Nurettin Özdemir: “2015 yılında gelirimizin 75’ini ihracattan sağlamayı hedefliyoruz’’
1998 yılının ikinci yarısında, hava kanalı bağlantı elemanları olan, kanal flanşı ve aksamlarını imal ederek, üretime başlayan ve büyük bir değişim projesinin ve sürecinin mutfağında olan Makro Teknik Kurucu Ortağı Nurettin Özdemir sektöre ilişkin sorularımızı yanıtladı.
1998 yılının ikinci yarısında, hava kanalı bağlantı elemanları olan, kanal flanşı ve aksamlarını imal ederek, üretime başlayan ve büyük bir değişim projesinin ve sürecinin mutfağında olan Makro Teknik Kurucu Ortağı Nurettin Özdemir sektöre ilişkin sorularımızı yanıtladı.
Sorularımıza geçmeden önce kendinizden kısaca bahseder misiniz?
1980’li yıllarda bu sektörde işe başladım. İlk disiplinli iş hayatım havalandırma tesisatı uygulamacılığıdır.O dönemlerde çok bilinen bir iş değildi. Günlük hayatımızda pek karşılığı olmayan, çoğunlukla toplumun bilmediği bir iş koluydu. Ne iş yapıyorsun sorusuna havalandırma yanıtı verildiğinde eş dostlarımız, biraz bekler ve ikinci soruyu sorardı: ‘Camları mı açıyorsunuz?’ O zamanlarda havalandırma klima, tüketim ihtiyaçları arasında çok bilinen bir ihtiyaç değildi. Ne zaman ki kentlilik, kırsalın tercihlerinin arasından filizlenince bizim işimiz de, daha bilinen, gereksinim duyulan bir hale geldi. Ben, bütün bu gelişimlere tanıklık eden, gelişimin damarlarında enerji olan, bu sektörde kimliğini bulmuş, yaşama ilişkin edindiklerini, tüm bu değişim ve gelişimin dinamiklerinden almış biriyim. Kentlilik ve modern hayatın sunduklarının evrimi devam ettikçe de, değişimin savunucusu ve takipçisi olmayı ilke edinen sektör neferi olma heyecanını hiç kayıp etmeyecek bir alaylıyım.”
Firmanızın bünyesinde hangi faaliyetler gösteriliyor, müşterilerinize hangi ürün ve hizmetleri sunuyorsunuz?

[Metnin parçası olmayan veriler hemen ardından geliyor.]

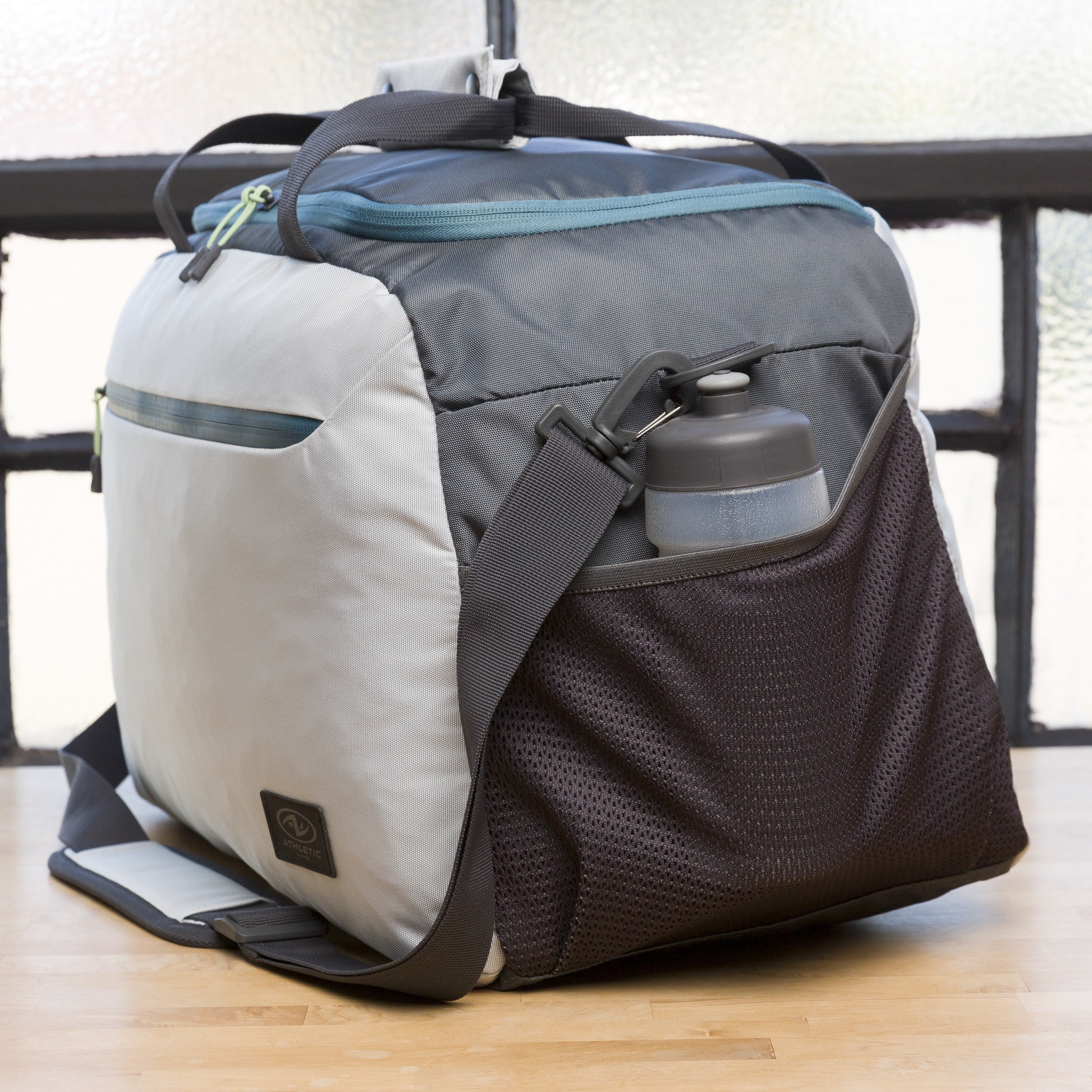 Athletic Works Urban Duffle Bag for Adults, Easy Care Sports Bag, Foggy Dew Gray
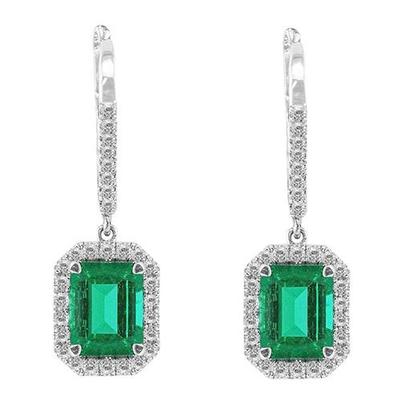 15.50 ct. smaragdförmiger grüner smaragd-diamant-ohrring wg 14k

Uzun yıllar havalandırma tesisatı uygulamacılığı yaptıktan sonra, 1998 yılında tamamen uygulamayı bırakıp üretime geçtik ve Türkiye’ye ithal giren hava kanalı bağlantı profilini üretmeğe başladık. Bu ürün Türkiye’de yeni yeni tüketilmeye başlıyordu. Çok çalıştık, pazar büyüdü. Biz kendimizi bu değişimin içerisinde, gelişime ve değişime açık tuttuk. Kanal flanşı ile başlayan üretim serüvenimiz, ürün yelpazesine eklediğimiz diğer ürünlerle (Bağlantı ve tespitlime profilleri, kelepçeler, klima konsolları) sürekli olarak genişlettik. Sonraki yıllarda satış kanalımızı da genişleterek, sektöre dönük arz ve hizmet kabiliyetimizi artırmaya çalıştık.
1990’lı yıllarda Türkiye’nin ithal ettiği bu ürünlerin tamamından daha fazlasını ihraç eder hale geldik. Şu anda hem biz, hem de rakiplerimiz bu ürünleri Doğu Avrupa’dan, Çin Seddi’ne kadar birçok ülkeye satıyoruz. Sadece bizim satışımız bile Türkiye’nin o dönemlerdeki ihracatından onlarca kat daha fazladır.
Yeni satış kanallarımızın oluşması ile ihracat kabiliyetimiz daha da güçlenecek, sektörde bölgesel (Doğu Avrupa, Asya, Kuzey Afrika) bir tedarik kanalı haline gelecektir. Bu satış kanalında, sadece bizim ürettiğimiz değil, aynı sektörde talep edilen, ürünleri de satabilme olanakları yaratıyoruz. Havalandırma kanalları bağlantı elemanlarından tutun, yalıtım ve izolasyon malzemelerine, yapıştırıcıdan, hırdavata kadar binlerce kalem mal satmaktayız. İşin keyifli tarafı bütün bunları “Makro Teknik Express” hizmet markamızla yapıyor oluşumuzdur.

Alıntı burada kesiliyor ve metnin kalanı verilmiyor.